The two-year timeframe for the album suggests a laborious production process; the reality is that the domestic and other musical commitments of Naylor, bass player Wally Kempton and drummer Matt Cotter mean that studio time is difficult to find. In fact, Naylor suggests, Even has probably spent as much time in the studio as it did when it recorded Less Is More over four weeks in the late ‘90s.
The fact that Even isn’t beholden to a label means that there’s no external pressure to complete the album. “You’re making a record for its own sake. You’re playing to an unquantifiable audience. In effect, it’s pure in the sense that you’ve making a record for your own artistic purposes. And that’s a good feeling,” Naylor says.
Less Is More, released in 1998 and now released in 2017 on vinyl for the first time, was named after a self-help book published around the same time. The title also reflects Naylor’s view that a record shouldn’t be over engineered. But, as a perfectionist songwriter and musician, Naylor admits he’s prone to “lumping shit” all over his songs. “The new album isn’t intentionally a bookend, but we’ve reverted the trio recording as a unit and there’s less overdubbing. It’s pretty well the sound of the bass, drums, guitar and vocals, which is basically how we recorded the first few records, with minimal additional sounds,” Naylor says. “I’ve been trying to exercise a bit more economy in the sound. Hopefully there’s a bit of breath in these songs, a bit of space.”
It’s not just Even’s songs that have a bit of space. In contrast to Even’s halcyon period in 1995 and 2004 when the band toured regularly, Even shows are at a premium these days. “We used to play all the time, and it was a bit of a whirlwind back in that first decade. And then the rhythm of life changes, for everyone really,” Naylor says. Looking back on that time, and Naylor’s only regret is that he didn’t take time out to enjoy the fun.
“I look back on it now and think it was a great period in my life. Hopefully I can speak for Matt and Wal as well, it was a great time to be in a band, from the early ‘90s to 2000s - and it still is now,” Naylor says. “We’re so infrequent now, so it’s a big event for us when we do play. But I don’t tend to be too philosophical looking back. We’ve made the records and wherever you stand in the overall scheme of Australian music, it doesn’t really matter.”

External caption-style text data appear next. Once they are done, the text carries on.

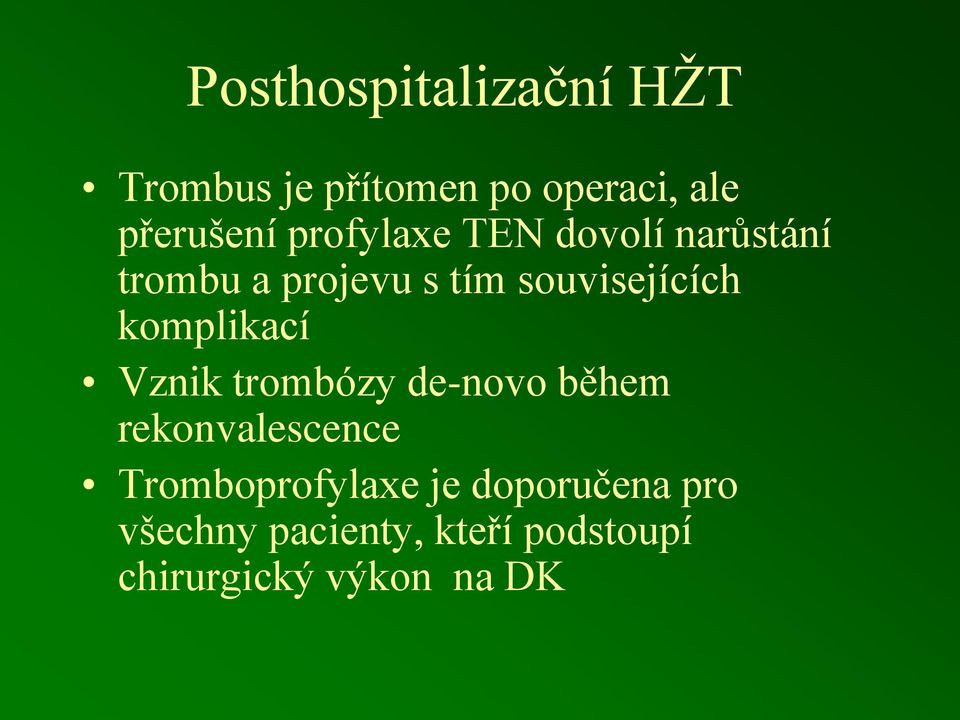 komplikací Vznik trombózy de-novo během rekonvalescence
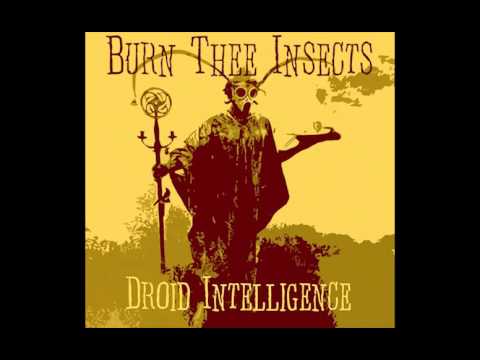 Burn Thee Insects - A Prescription to Burn | Twin Earth Records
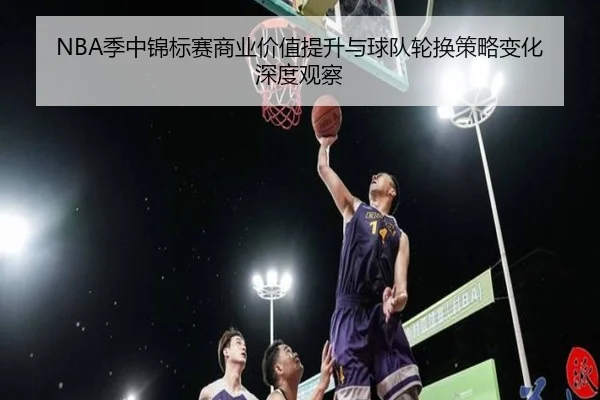NBA季中锦标赛商业价值提升与球队轮换策略变化深度观察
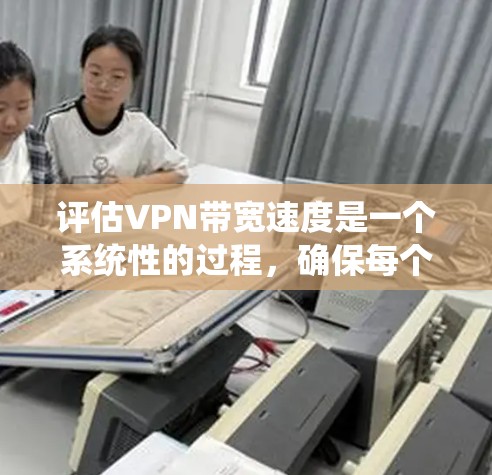 评估VPN带宽速度是一个系统性的过程，确保每个步骤都被仔细考虑和执行，以准确测量并优化VPN性能。以下是对这一过程的总结和优化建议
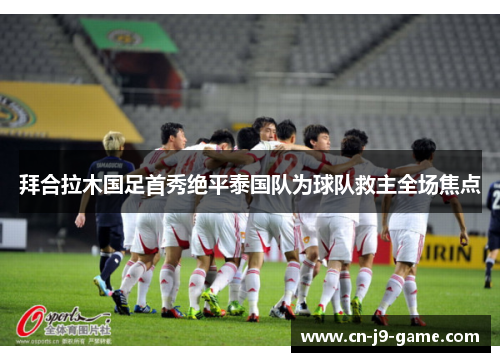 拜合拉木国足首秀绝平泰国队为球队救主全场焦点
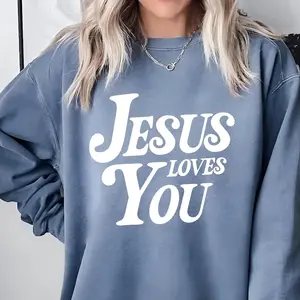 Jesus Loves You Youth & Adult Sweatshirt, Christian Faith Crewneck, Religious Bible Verse Pullover, Inspirational Graphic Church Sweater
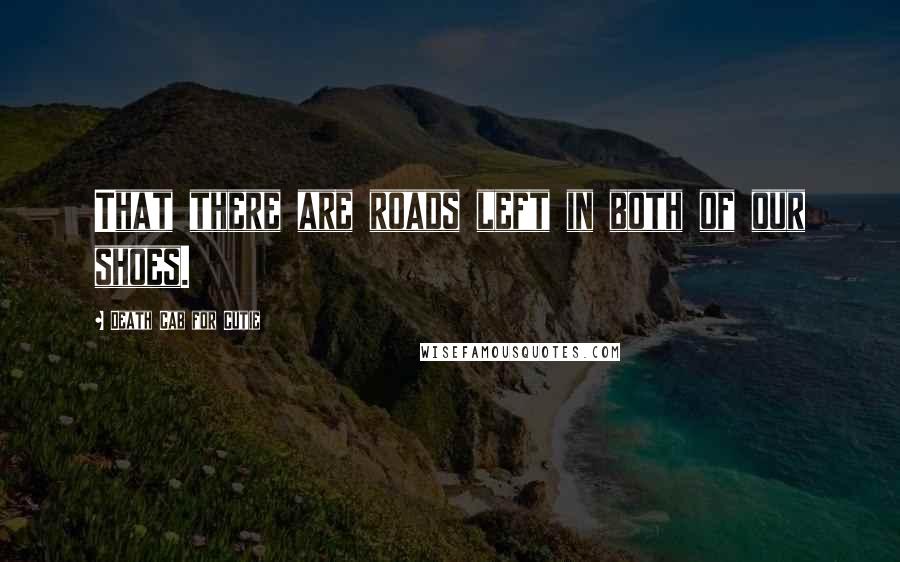 Death Cab For Cutie Quotes: That there are roads left in both of our shoes.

Even will soon return to the Corner Hotel to play its annual Christmas show. Also on the bill is Western Australian band Header, with whom Even played on their first national tour in 1996. “They were a really powerful rock band with really good melodic songs, and we could relate to them,” Naylor says. “They were good guys and we became good friends. It’s great that they’ve reformed for this gig.”
The fact that the show will be at the Corner provides an added level of sentimentality and emotion. It was at the Corner in 1996 that Even played with Header on the Melbourne leg of its Australian tour. “Back at the peak of our powers the Corner was the Madison Square Gardens for an indie rock band. Every night in my head I’m playing Madison Square Gardens, whether it’s the Flying Saucer Club or the Enmore Theatre.”